Un client m'a appelé un jeudi après-midi en 2021, trois semaines avant le lancement de son produit, absolument convaincu qu'il devait renommer sa SaaS. Pas refondre, renommer. Il avait déjà construit le logo, acheté le domaine, déposé la marque. Il voulait recommencer parce qu'un copain au pub lui avait dit que le nom « avait l'air technique ». Je l'ai dissuadé. Mais la conversation m'a marqué, parce qu'elle a mis en lumière quelque chose que je vois constamment : les fondateurs traitent la dénomination et la couleur comme des détails secondaires, puis panique à exactement mauvais moment.
Alors, faisons ça correctement. Dès le départ.
Pourquoi Votre Nom de Marque Est Plus Important Que Vous le Pensez
Voilà le truc : votre nom, ce n'est pas juste ce qu'on vous appelle. C'est le premier filtre. Quelqu'un l'entend à un événement de réseautage, le lit sur un post LinkedIn, l'aperçoit sur une étiquette d'emballage. En environ deux secondes, il s'est déjà forgé une impression.
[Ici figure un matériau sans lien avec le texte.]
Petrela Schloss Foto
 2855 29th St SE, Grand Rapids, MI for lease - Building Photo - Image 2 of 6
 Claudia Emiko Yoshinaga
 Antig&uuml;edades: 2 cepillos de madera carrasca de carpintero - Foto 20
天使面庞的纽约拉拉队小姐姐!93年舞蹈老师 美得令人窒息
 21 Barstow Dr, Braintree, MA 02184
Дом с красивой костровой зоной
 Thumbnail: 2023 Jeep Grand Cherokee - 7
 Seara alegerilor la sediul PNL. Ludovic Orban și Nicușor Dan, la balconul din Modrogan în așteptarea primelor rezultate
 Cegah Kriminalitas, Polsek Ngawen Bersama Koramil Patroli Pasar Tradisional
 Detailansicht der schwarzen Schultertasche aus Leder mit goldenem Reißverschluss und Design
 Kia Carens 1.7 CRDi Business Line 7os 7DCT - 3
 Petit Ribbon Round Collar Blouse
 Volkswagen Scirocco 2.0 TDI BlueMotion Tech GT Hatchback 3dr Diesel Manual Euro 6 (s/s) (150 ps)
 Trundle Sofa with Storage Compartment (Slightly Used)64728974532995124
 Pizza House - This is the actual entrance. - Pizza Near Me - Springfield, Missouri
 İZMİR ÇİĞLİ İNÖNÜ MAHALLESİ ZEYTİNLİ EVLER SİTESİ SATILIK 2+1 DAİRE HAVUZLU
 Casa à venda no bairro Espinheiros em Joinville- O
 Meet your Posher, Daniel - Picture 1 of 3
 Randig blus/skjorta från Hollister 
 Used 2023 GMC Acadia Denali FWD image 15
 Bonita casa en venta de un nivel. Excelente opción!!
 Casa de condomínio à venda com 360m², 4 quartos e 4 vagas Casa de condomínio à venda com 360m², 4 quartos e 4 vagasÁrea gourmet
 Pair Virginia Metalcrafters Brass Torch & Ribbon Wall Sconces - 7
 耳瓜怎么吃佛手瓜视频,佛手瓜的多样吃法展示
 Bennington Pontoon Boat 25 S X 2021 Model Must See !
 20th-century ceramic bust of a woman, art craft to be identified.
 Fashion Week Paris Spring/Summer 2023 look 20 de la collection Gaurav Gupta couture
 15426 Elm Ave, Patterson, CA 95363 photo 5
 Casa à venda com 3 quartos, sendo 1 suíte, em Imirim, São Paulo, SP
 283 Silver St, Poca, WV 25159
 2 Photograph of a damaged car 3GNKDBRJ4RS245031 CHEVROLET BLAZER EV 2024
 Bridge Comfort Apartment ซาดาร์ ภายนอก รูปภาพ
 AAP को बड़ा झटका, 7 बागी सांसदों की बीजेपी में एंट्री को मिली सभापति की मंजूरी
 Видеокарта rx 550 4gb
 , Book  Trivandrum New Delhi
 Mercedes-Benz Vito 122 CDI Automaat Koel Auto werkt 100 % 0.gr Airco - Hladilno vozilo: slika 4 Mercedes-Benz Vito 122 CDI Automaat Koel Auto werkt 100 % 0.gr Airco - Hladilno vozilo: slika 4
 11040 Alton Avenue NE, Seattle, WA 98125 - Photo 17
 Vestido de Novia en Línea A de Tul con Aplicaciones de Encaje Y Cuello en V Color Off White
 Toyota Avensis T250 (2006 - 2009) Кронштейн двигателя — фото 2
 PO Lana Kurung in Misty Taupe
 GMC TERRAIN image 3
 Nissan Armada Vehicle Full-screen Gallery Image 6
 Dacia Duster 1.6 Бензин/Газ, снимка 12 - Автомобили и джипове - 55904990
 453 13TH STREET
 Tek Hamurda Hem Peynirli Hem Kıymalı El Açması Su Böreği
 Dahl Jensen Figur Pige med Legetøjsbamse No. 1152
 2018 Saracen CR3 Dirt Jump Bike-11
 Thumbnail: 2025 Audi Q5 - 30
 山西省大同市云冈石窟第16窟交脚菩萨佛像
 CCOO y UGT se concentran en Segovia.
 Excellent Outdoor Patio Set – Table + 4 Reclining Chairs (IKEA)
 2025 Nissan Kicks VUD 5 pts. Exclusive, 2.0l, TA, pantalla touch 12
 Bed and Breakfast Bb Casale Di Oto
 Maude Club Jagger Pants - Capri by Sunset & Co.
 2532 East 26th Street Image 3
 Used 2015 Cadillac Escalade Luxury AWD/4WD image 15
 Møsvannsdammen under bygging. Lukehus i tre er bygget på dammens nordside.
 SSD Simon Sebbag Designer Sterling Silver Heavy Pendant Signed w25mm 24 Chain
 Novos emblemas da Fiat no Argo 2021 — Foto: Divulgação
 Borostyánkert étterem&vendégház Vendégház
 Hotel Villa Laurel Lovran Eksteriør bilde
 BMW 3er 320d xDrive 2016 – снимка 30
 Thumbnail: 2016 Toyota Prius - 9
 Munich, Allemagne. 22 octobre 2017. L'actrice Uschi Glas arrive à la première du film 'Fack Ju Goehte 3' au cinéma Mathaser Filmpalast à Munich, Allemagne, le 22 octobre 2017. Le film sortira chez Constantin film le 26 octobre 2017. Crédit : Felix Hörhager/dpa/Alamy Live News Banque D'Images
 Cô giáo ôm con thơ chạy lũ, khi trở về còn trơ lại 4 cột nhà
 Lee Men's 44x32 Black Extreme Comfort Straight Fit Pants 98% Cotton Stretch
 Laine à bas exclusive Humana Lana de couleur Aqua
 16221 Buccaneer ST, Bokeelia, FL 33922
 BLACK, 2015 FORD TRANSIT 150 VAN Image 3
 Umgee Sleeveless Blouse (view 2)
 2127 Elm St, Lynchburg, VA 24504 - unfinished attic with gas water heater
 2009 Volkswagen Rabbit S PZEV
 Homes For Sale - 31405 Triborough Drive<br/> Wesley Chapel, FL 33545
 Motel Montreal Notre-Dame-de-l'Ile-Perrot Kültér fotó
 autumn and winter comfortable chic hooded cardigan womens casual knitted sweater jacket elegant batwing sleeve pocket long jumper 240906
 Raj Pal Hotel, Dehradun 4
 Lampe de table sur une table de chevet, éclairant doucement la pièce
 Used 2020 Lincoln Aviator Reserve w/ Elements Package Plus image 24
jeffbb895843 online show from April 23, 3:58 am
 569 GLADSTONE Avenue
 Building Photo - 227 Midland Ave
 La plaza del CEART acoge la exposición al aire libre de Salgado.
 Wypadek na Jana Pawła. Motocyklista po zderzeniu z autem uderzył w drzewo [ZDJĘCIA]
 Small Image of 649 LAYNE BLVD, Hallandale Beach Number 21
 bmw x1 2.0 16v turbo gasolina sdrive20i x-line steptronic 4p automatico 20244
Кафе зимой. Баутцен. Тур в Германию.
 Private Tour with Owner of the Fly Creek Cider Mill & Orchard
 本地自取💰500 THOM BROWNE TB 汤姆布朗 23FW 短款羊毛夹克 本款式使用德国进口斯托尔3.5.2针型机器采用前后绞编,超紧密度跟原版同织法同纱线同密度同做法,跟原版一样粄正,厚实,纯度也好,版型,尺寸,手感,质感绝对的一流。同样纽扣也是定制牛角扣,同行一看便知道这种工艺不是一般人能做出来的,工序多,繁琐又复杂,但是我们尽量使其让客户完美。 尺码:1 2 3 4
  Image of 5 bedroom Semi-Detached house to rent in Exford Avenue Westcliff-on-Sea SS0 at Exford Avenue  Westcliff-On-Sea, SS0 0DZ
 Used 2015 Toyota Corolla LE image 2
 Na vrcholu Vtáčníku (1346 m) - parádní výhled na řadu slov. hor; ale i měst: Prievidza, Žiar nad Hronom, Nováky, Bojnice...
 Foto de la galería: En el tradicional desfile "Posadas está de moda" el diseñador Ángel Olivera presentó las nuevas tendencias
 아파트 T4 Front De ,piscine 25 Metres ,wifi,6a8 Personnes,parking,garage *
Et cette impression est presque impossible à effacer une fois qu'elle s'est cristallisée en perception.
Les bons noms font plusieurs choses à la fois. Ils sont prononçables (évident, mais vous seriez stupéfait de voir à quel point cela est ignoré). Ils sont assez distincts pour que Google ne ressorte pas quatorze concurrents quand quelqu'un les tape. Et ils portent au moins une légère trace de ce que vous faites réellement, ou du sentiment que vous voulez créer.
Qualtrics l'énonce bien : un nom de marque doit communiquer tout ce que vous représentez, dès le départ. J'irai plus loin : il doit le faire sans s'expliquer. Le nom « Slack » n'a pas besoin d'un sous-titre. « Monzo » n'a pas besoin d'une accroche pour sembler moderne. Le nom porte le poids.
Les pièges de la dénomination que je vois le plus souvent
- Les jeux de mots qui vieillissent mal (et la plupart des jeux de mots vieillissent mal en dix-huit mois)
- Les noms impossibles à orthographier après les avoir entendus une fois
- Les noms trop littéraux, « Fast Plumbing London Ltd » ne me dit rien dont je me souviendrai.
- Les noms empruntés à la vie personnelle d'un fondateur qui ne signifient rien pour personne d'autre
En 2019, un client est venu me voir avec le nom de travail « Meridian » pour son agence de marketing digital. Ça sonne bien, non ? Le problème : deux agences établies au Royaume-Uni utilisaient déjà des variantes, il y avait une chaîne de télévision avec le même nom, et le .com était bloqué par un spéculateur de domaines qui en demandait £4 800. Nous avons passé quarante minutes en appel avec Namelix et un bloc-notes, et on a trouvé quelque chose de bien plus unique en moins d'une heure. Le point, c'est que la recherche doit se faire avant de tomber amoureux du nom.
Comment vraiment trouver un nom
Commencez par les valeurs centrales et la personnalité de votre marque. Pas un mood board, des mots concrets. Notez cinq adjectifs qui décrivent comment vous voulez que les clients se sentent après avoir interagi avec vous. Confiant ? Rassuré ? Énergisé ? Légèrement surpris par la qualité ?
Le guide de dénomination de Squarespace suggère de penser à votre marque comme à une personne, comment est-elle, comment parle-t-elle, qu'est-ce qui lui importe ? Je fais cet exercice avec les clients tout le temps. Ça semble un peu mou, mais ça marche. Parce qu'une fois que vous pouvez décrire la marque comme une personne, la dénomination devient bien moins abstraite.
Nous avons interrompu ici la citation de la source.